Innovator: Lancaster City Alliance & Community Action Partnership
Lancaster is a city on the rise… sometimes, quite literally. All of the commercial, retail and culinary developments in the city have coincided with the development of its buildings, resources and of course, employment. A shift this colossal — and ongoing — requires careful management and a team working to ensure that residents, small and large businesses, communities, educational institutions, nonprofits and the government can coexist in a dynamic, clean and safe city… and that’s where the Lancaster City Alliance comes in.
The organization recently partnered with Communication Action Partnership (CAP), the county’s largest anti-poverty organization to ensure that Lancaster nonprofits are working alongside one another “to ensure maximum impact for the community, Anne Williams, the organization’s director of communications explains.
“The partnership officially began a few months ago when we were hearing from our affiliates in the construction industry that they are experiencing a large workforce gap,” she explained. “That gap drives up the cost of construction labor and stifles the growth of equitable housing in the City of Lancaster.” But the collaboration aims to place unemployed and underemployed City residents in living wage construction jobs, address the workforce gap in the construction industry.
LCA/Cap serves as a liaison between a those who need employment and the organizations that can help them develop the skills they require. “This project is a self-sustaining ecosystem.

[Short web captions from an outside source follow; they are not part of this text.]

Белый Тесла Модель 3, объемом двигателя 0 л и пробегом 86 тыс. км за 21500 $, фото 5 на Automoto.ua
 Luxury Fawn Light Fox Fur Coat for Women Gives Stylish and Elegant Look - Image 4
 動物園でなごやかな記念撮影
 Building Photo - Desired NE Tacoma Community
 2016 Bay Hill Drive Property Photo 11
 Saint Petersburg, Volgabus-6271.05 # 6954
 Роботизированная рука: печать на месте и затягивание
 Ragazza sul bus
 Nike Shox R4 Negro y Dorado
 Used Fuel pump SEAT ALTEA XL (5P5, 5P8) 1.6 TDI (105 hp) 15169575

Meaning, difficult to employ individuals in Lancaster City have been given the support and training they need to thrive,” Williams explains. “They now have jobs repairing façades. With the repetition of doing façade work, they build an in-demand and specific skill set. This makes them more valuable to the construction industry, securing their opportunity to remain employed in a thriving wage career.”
She went onto explain that the influx in employment has helped to improve properties in Lancaster experiencing disinvestment, and that children in the neighborhood seeing people like them working to make a positive change for the community is an important part of its long-term impact. “This instills pride in the neighborhood, which leads to neighborhood stabilization, which we know leads to additional neighborhood investments,” Williams shares.
Only five years old, the Lancaster City Alliance is passionate about the “vitality of the city,” Williams says, “we serve as a central repository of information, resources, and connections for getting things done. With the assistance of our many partners, this has resulted in traditional economic development investment, supporting entrepreneurs and the merchant community, and enhancing quality of life for City residents, visitors, and businesses.”
Ultimately, LCA/CAP serves to strengthen the city, the general contracting community and the improved lives of our community members and neighbors. All in all, it’s engaging as many people as we can in the betterment and revitalization of the community. As Williams explains, fostering pride for the city in combination with the application of skills needed can “lay the foundation to create and evolve a replicable model that could lift a significant number of families out of poverty through living wage employment.”